It's probably steel cased berdan primed
Thanks for that guys im going to get some there a very good price 180 , rounds for $195 mite get 50/50 223 & 3006 see how they shoot.
The 304 140gr works really well in my brothers 308 and same in mne, the 30/06 works well in my one too, but I never had any luck with the 223. Not Barnauls fault though, my twist is 1:12 and it wont shoot anything over 52gr well. If I stay under that it is fantastic....but Barnaul makes 55 and 62 gr so not for me in 223...
I flew over Barnaul a few months back.
Now you know its not just shitty ammo,there is likely a shitty City there too!
Known for corrosive ammunition so much so that some shops refuse warranty if a rifle is used with the ammunition in question. If I were you I'd contact Belmont ammunition as their real good sorts and you avoid said corrosive ammunition
Barnaul is not a "corrosive " ammunition it is more of a budget / milsurp ammo , the projectiles are of a harder type of metal which dose cause the barrel to wear faster . But can have the compensation of ,sometimes , paying for the new barrel with the savings .

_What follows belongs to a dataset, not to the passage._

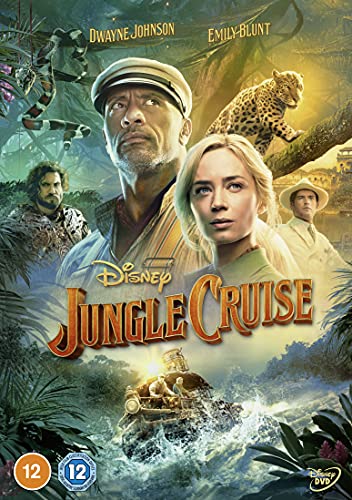 Jungle Cruise DVD [UK Import] von Walt Disney Studios HE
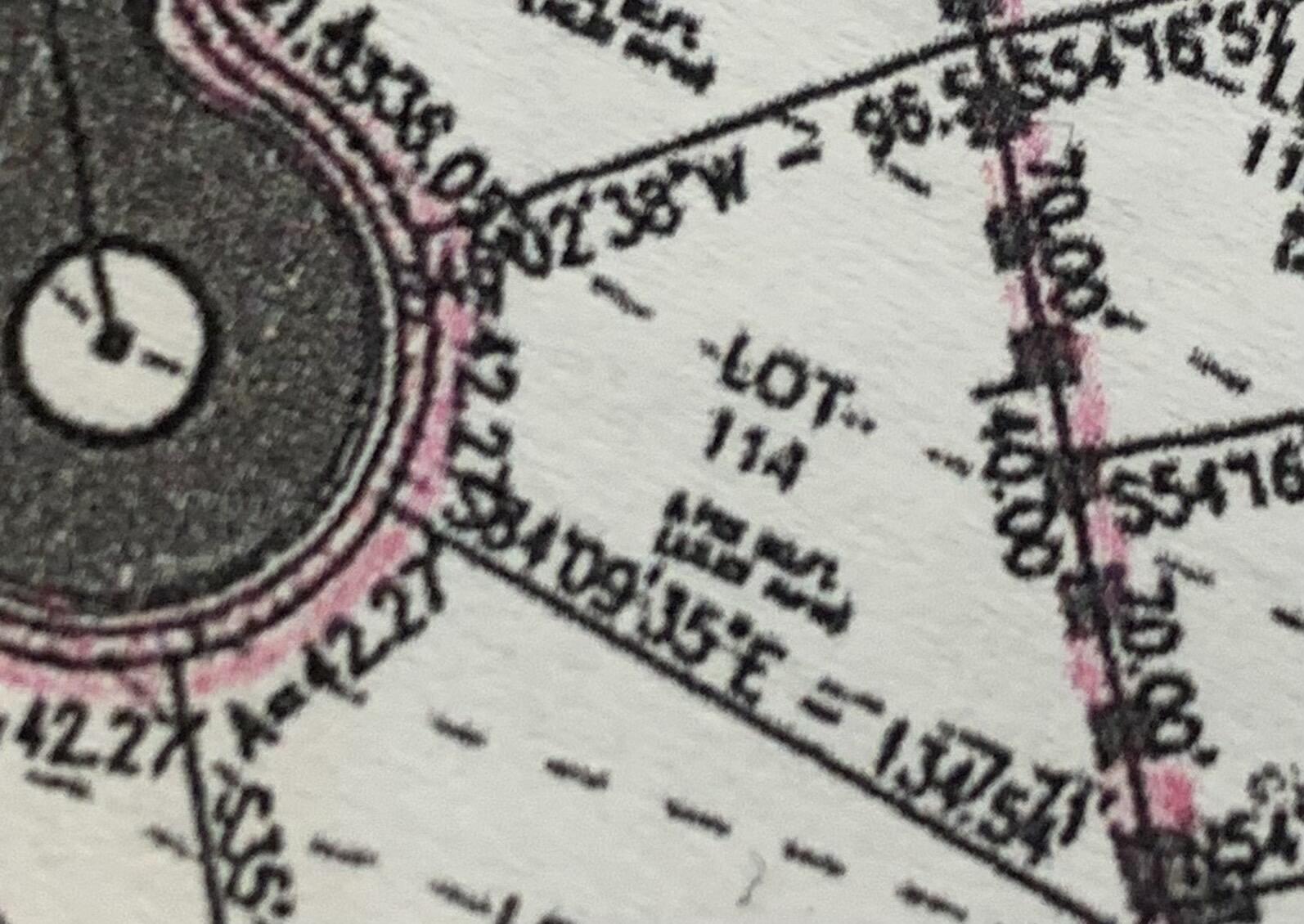 DEER MOSS CREEK - Land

I think you both may want to dig a bit deeper. I use Barnaul myself and looked in depth at the product including taking some apart for projectiles. (wanted 180gr SP on a 7.62x39 case for a single shot rifle)
The cases are steel and coated. I think from memory they are burdan primed so difficult to reload on both counts. Non corrosive powder is used. It is not Mil surp though with the steel case I can understand being associated with it. It is proper sporting ammunition.

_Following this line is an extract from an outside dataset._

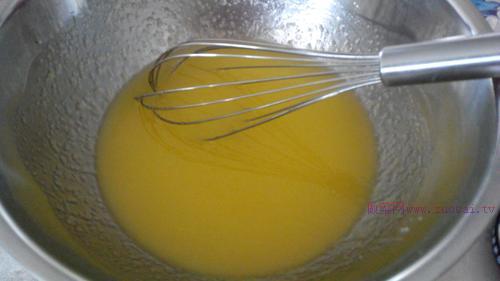 桃酥餅干的做法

My understanding is they use a different alloy on the core for the bullets rather than lead and they still have a copper jacket, though they are able to make the jacket thinner as the core is more stable at high temperature than lead is. This has not seemed to affect my accuracy or reliability on impact. As for harder wear, well in all rifles I have ever owned, generally the core of any projectile does not come into contact with the barrel and the copper coating on the jacket is still on the bullet when I have retrieved them out of game so you should have no problem. I have put over 400 rounds through my 30/06 and it shoots as well as it ever has.......

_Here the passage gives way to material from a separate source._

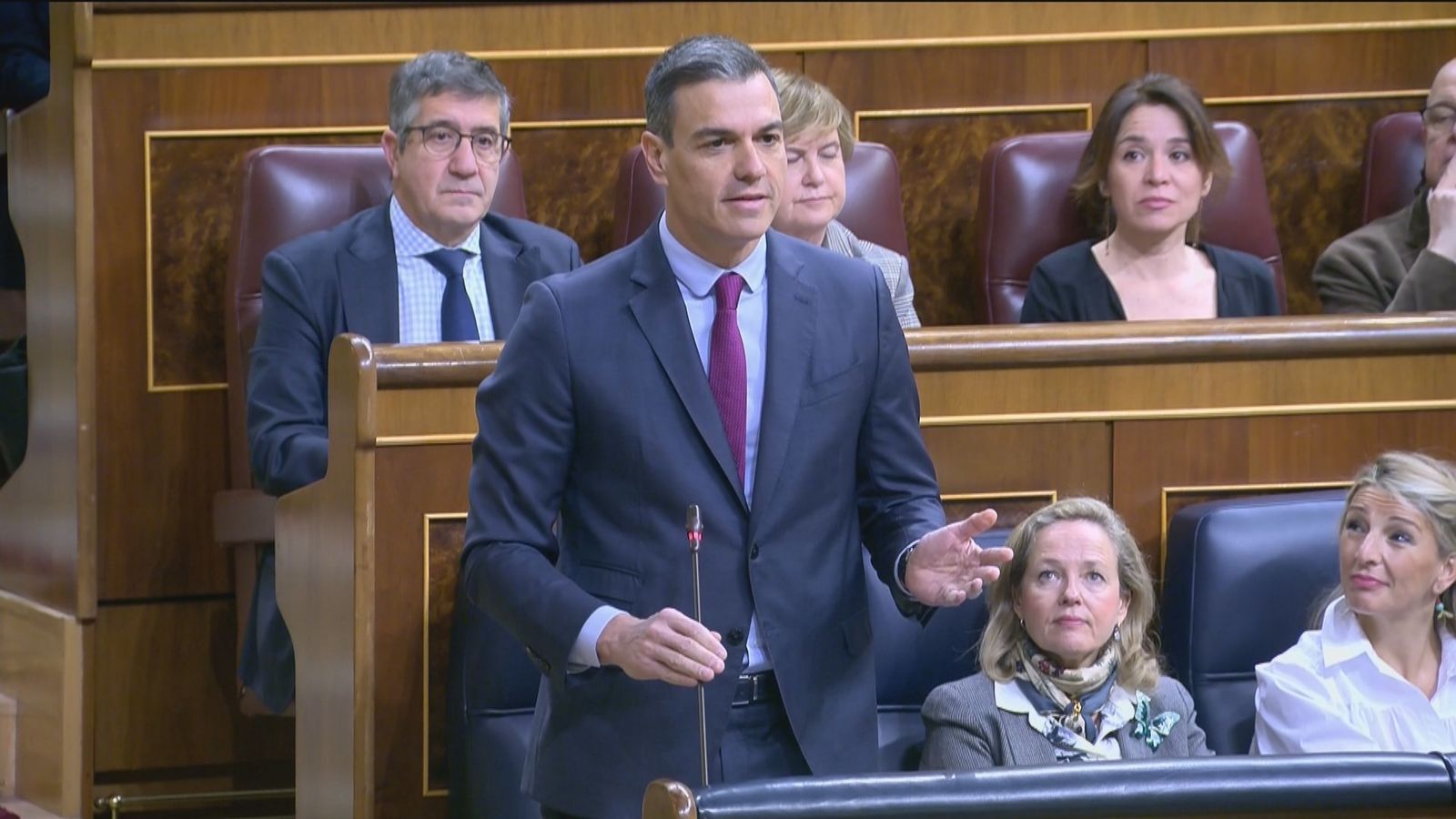 Pedro Sánchez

I believe the alloy you are referring to is Tombac.
It's definitely corrosive. And as such your barrel needs the cleaning regime to go with it.
Pertaining to their projectiles, their a bi metal projectile so be careful. Any rifle that's for sale with a pack of it next to it I generally pass up as not correctly cleaned its barrel will be highly likely to be fucked
It is not corrosive.
Nah not corrosive, the 7.62x39 anyway.
It is definitely NOT corrosive. It is clearly stated in english on the box. It is Not Military Surplus. It is modern ammunition with modern propellants and primers. You dont have to use it if you dont want to, and you are fully allowed to be mis informed. But rather than garner info from the internet, we have dealt with russian ammo suppliers and know from experience that it is definitely NOT corrosive.
But I figure you read it somewhere on the net so it has to be true. At a quick guess, it would be a USA site that would consider it unpatriotic to acknowledge russians know how to make proper primers.. after all they have only been making guns for 300 years (T.O Z started making fire arms in 1712)
Any amo IS corrosive if you don't clean the barrel except maybe a chrome lined or nitrided bore. Seen some pretty nasty stainless barrels that were never cleaned.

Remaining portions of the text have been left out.